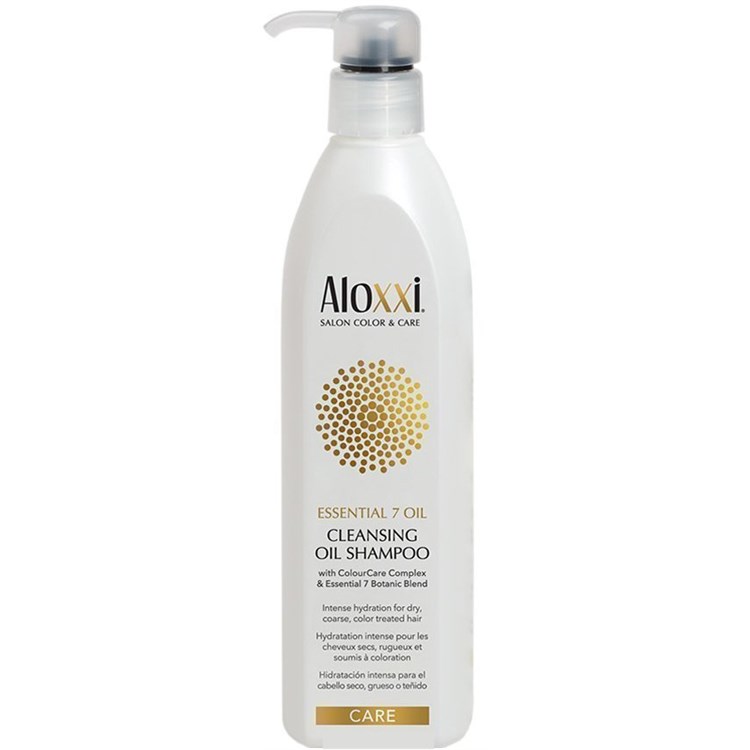 Aloxxi Aloxxi Aloxxi Cleansing Oil Shampoo 300ml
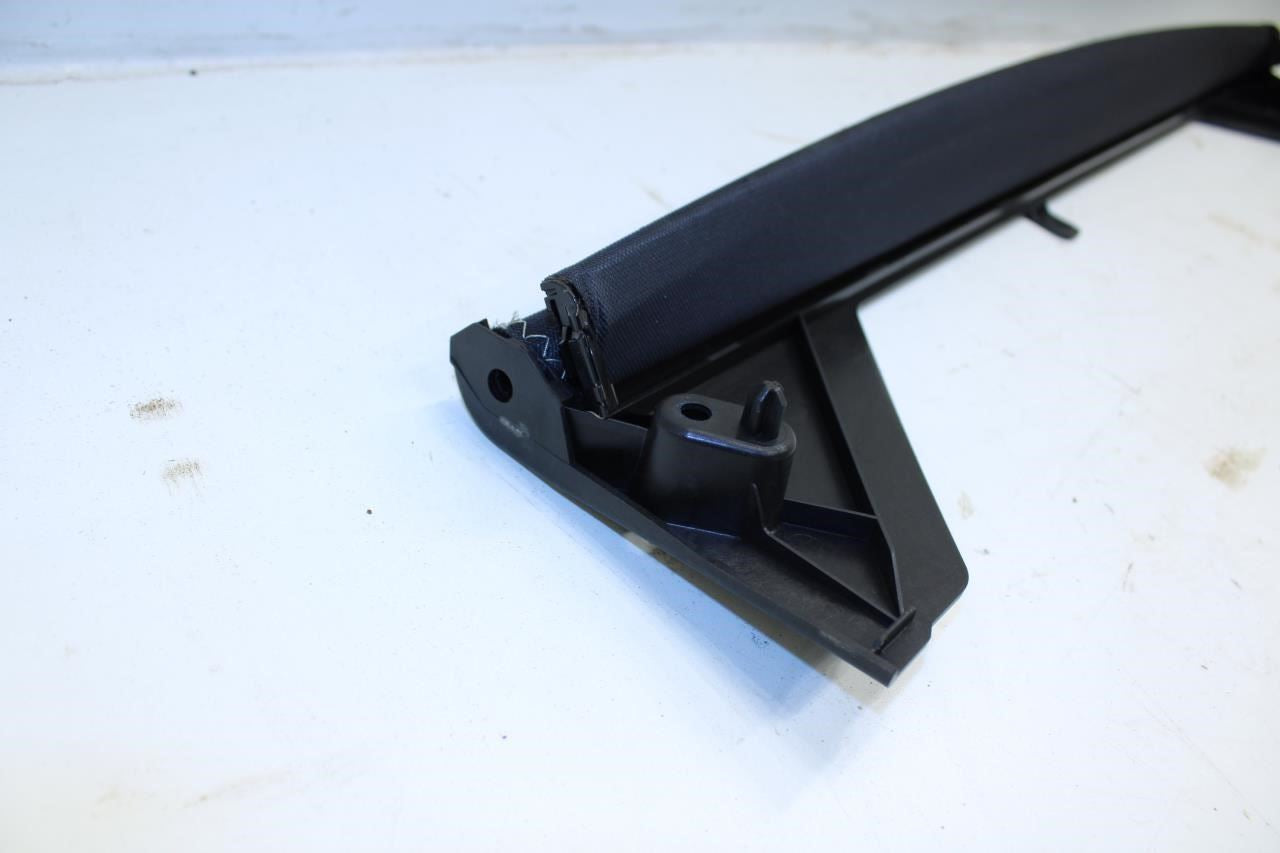 2017-2020 Jaguar XE R-Dynamic S Sunroof Front Upper Air Deflector w/ Rear Panel - Alshned Auto Parts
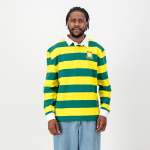 Ben Viljoen Yd Ls Rugby Jersey-evergreen - 4XL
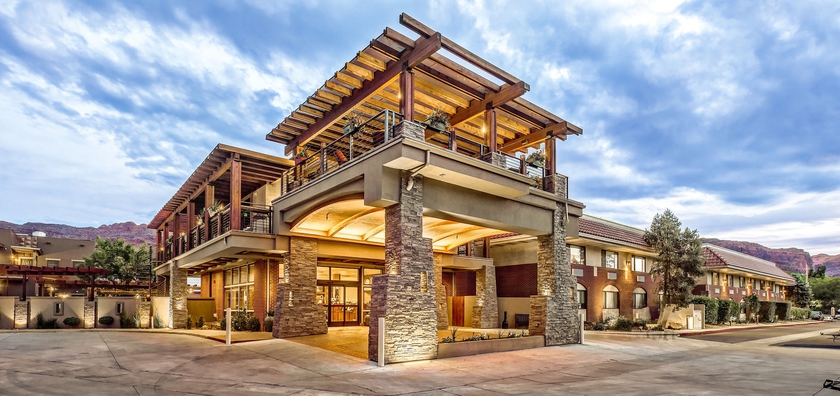 Imagen general del Hotel Best Western Plus Canyonlands Inn. Foto 2
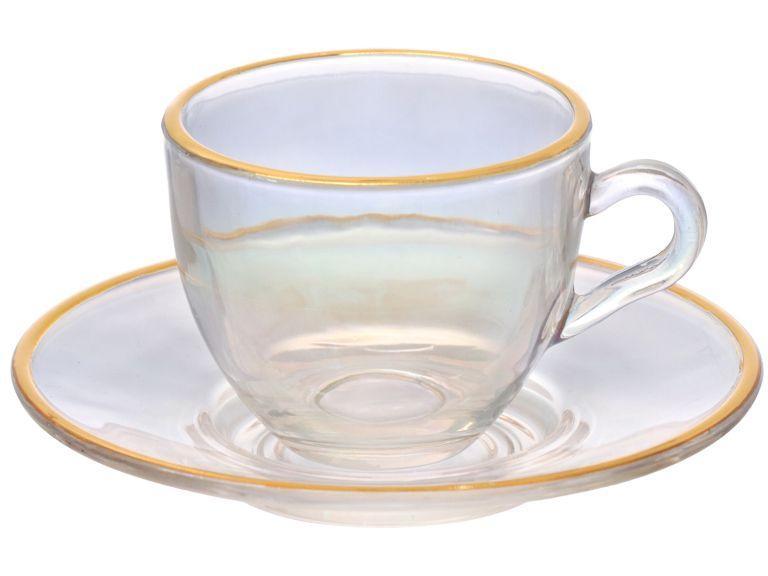 Jogo de Xícaras de Café 85ml Hauskraft Matte 4 Peças - 2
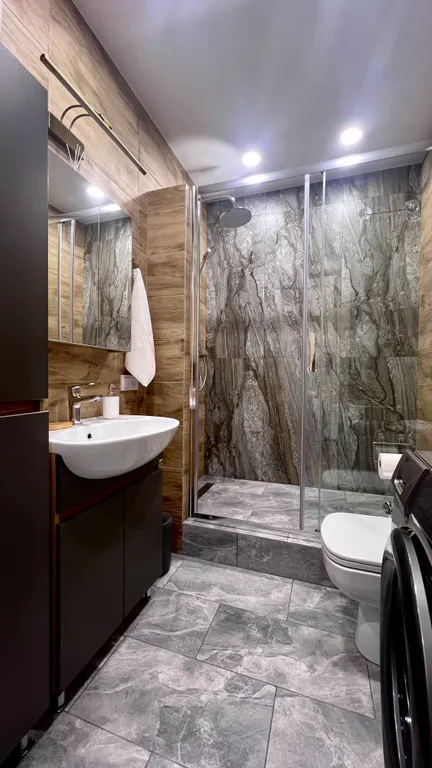 Квартира Отличная, уютная, современная 2-комнатная квартира у моря — Анапа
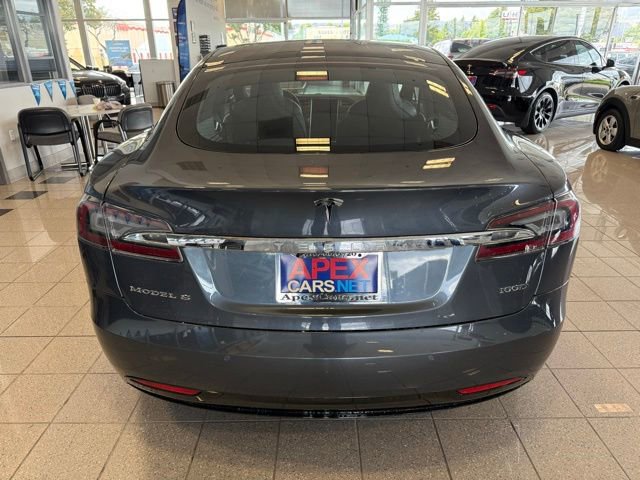 Used 2018 Tesla Model S 100D AWD/4WD image 4
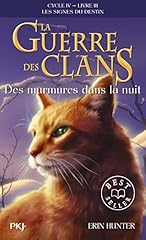 Murmures nuit 21 d'occasion  Livré partout en Belgiqu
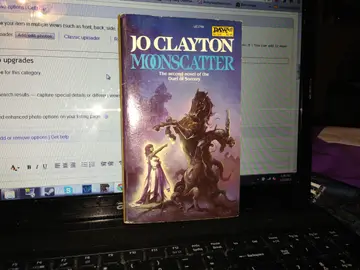 Cover of Moonscatter
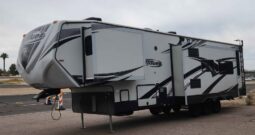 2018 Eclipse Attitude toy hauler 35gsg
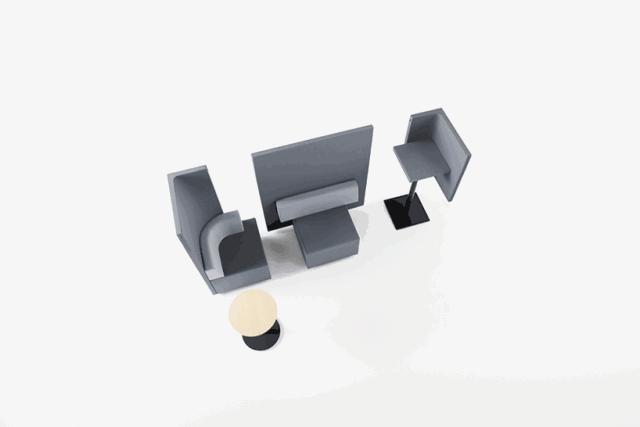 “办公桌”——的微创新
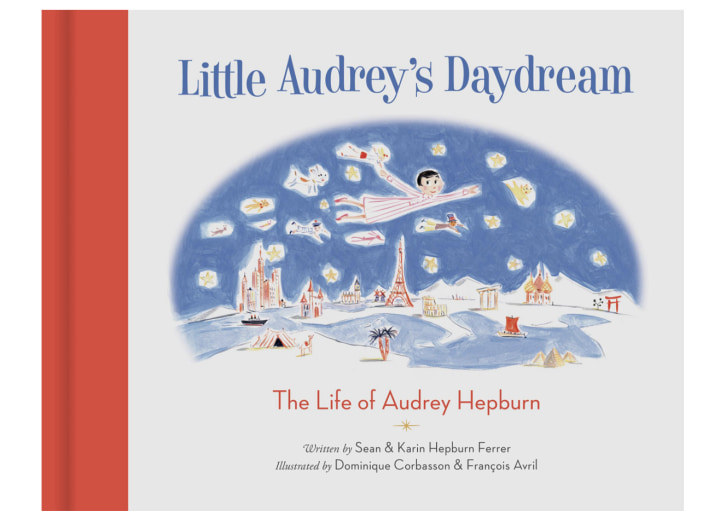 "Little Audrey's Daydream" by Sean and Karin Hepburn Ferrer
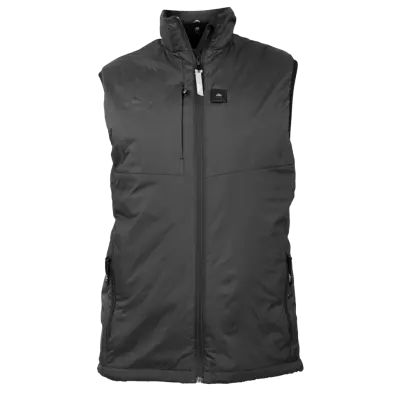 Heat Experience M's Heated Outdoor Vest Black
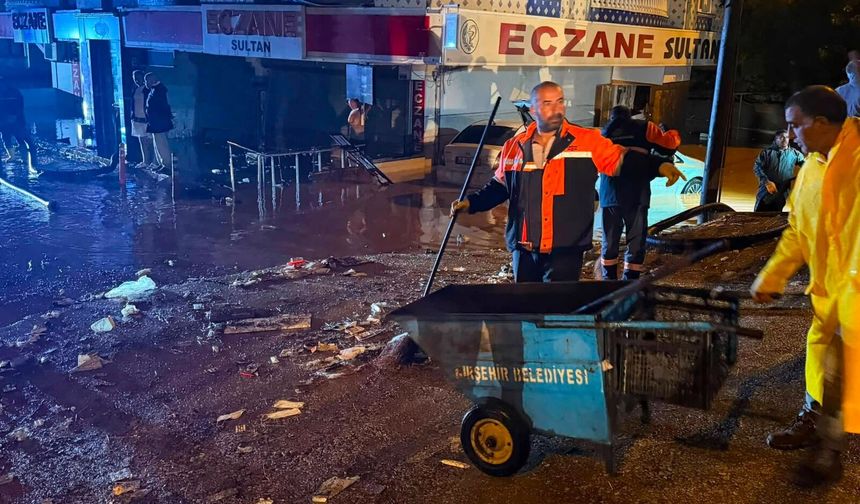Başkan Ekicioğlu: “Mağduriyetleri gidermeye çalışıyoruz”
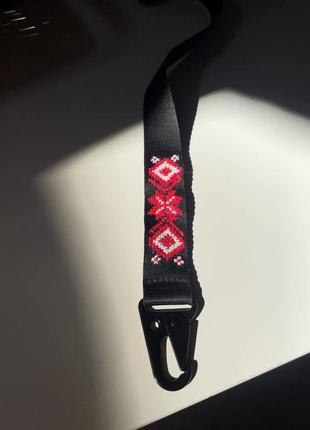 Стрічка-ремінець "родинний оберіг"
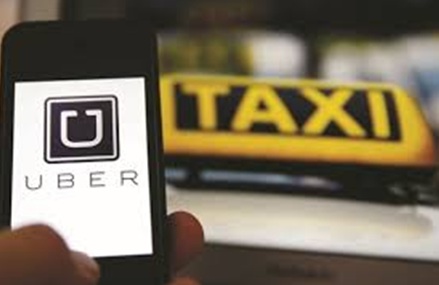 TPHCM phạt 388 triệu đồng đối với 106 xe Uber và Grab taxi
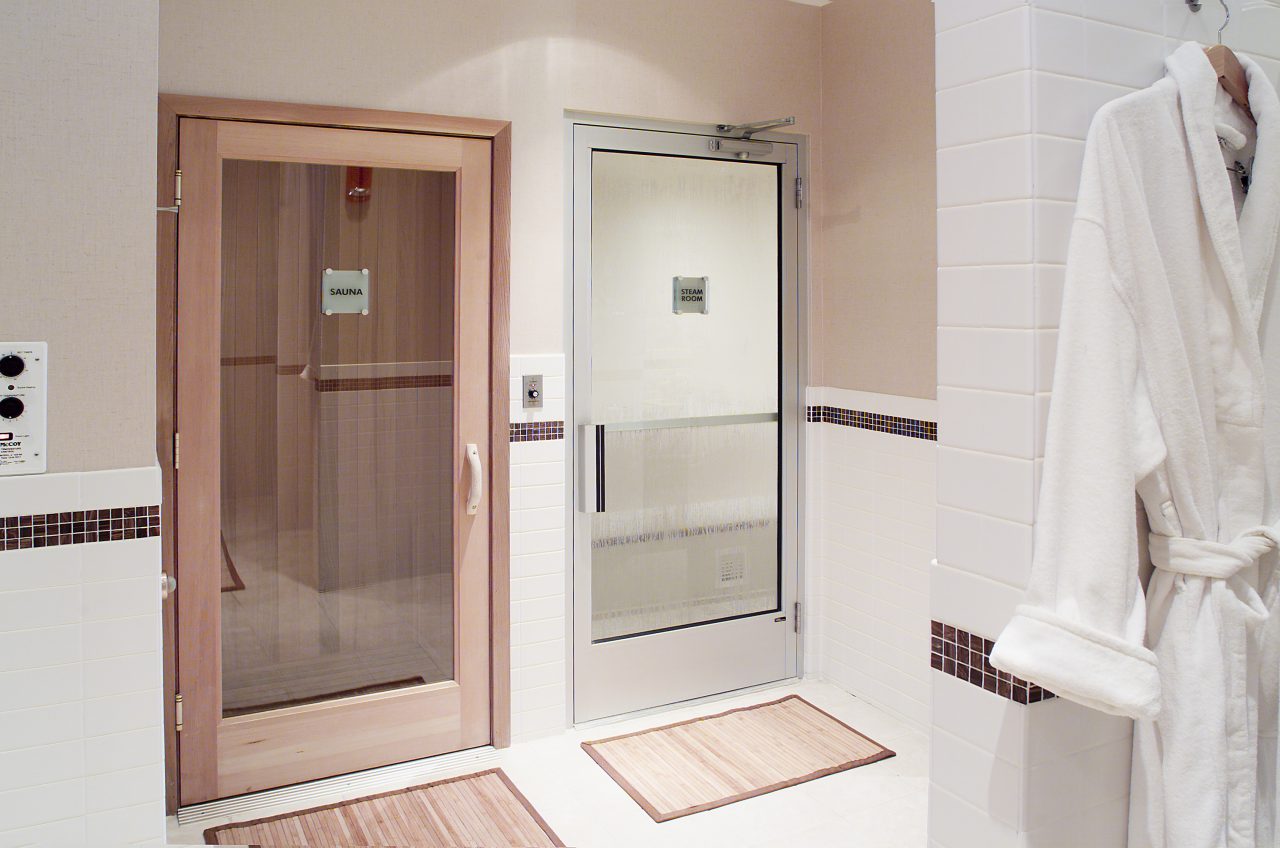 What is steam room фото 101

+ + +

INSTRUCTIONS FOR THE TASK: You are asked to reproduce each line above exactly, but to exclude the pictures.

YOUR SOLUTION:
 Aloxxi Aloxxi Aloxxi Cleansing Oil Shampoo 300ml
 2017-2020 Jaguar XE R-Dynamic S Sunroof Front Upper Air Deflector w/ Rear Panel - Alshned Auto Parts
 Ben Viljoen Yd Ls Rugby Jersey-evergreen - 4XL
 Imagen general del Hotel Best Western Plus Canyonlands Inn. Foto 2
 Jogo de Xícaras de Café 85ml Hauskraft Matte 4 Peças - 2
 Квартира Отличная, уютная, современная 2-комнатная квартира у моря — Анапа
 Used 2018 Tesla Model S 100D AWD/4WD image 4
 Murmures nuit 21 d'occasion  Livré partout en Belgiqu
 Cover of Moonscatter
 2018 Eclipse Attitude toy hauler 35gsg
 “办公桌”——的微创新
 "Little Audrey's Daydream" by Sean and Karin Hepburn Ferrer
 Heat Experience M's Heated Outdoor Vest Black
Başkan Ekicioğlu: “Mağduriyetleri gidermeye çalışıyoruz”
 Стрічка-ремінець "родинний оберіг"
 TPHCM phạt 388 triệu đồng đối với 106 xe Uber và Grab taxi
 What is steam room фото 101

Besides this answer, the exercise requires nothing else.